3.     Consume HATS probiotics (see the early blogs) at least 3 days a week
a.     Both encapsulated and non protected to provide some activity for the small intestine where some bile and cholesterol metabolism occurs
4.     Consume Defatted Colostrum products with the probiotics to further modulate inflammation
5.     Share this information widely. People matter; the food industry must adapt.

Agustí, Ana, et al. "Interplay Between the Gut-Brain Axis, Obesity and Cognitive Function." Frontiers in neuroscience 12 (2018): 155.

Brookmeyer, Ron, et al. "Forecasting the global burden of Alzheimer’s disease." Alzheimer's & Dementia 3.3 (2007): 186-191.
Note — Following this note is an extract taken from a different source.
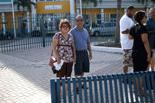 Moments before my folks and I went on a limousine tour throughout Nassau City.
Mahmoudiandehkordi, Siamak, et al. "Altered Bile Acid Profile Associates with Cognitive Impairment in Alzheimer's Disease: An Emerging Role for Gut Microbiome." bioRxiv (2018): 281956.

Mazmanian, Sarkis K. "The gut microbiome connection to Parkinson’s disease." The FASEB Journal 32.1_supplement (2018): 101-4.

Pistollato, Francesca, Sandra Sumalla Cano, Iñaki Elio, Manuel Masias Vergara, Francesca Giampieri, and Maurizio Battino. "Role of gut microbiota and nutrients in amyloid formation and pathogenesis of Alzheimer disease." Nutrition reviews 74, no. 10 (2016): 624-634.

Wong, Ma-Li. "The inflammasome and the microbiota-gut-brain axis." Neurology, Psychiatry, and Brain Research 29 (2018): 25.

Zhuang, Zhen-Qian, et al. "Gut Microbiome is Altered in Patients with Alzheimer’s Disease." Journal of Alzheimer's Disease Preprint (2018): 1-10.


  1. We really enjoy this blog , and are learning a lot and teaching a lot abut our microbiome .. Education is key , looking forward to learning more Dr. Bennett .. thank you !!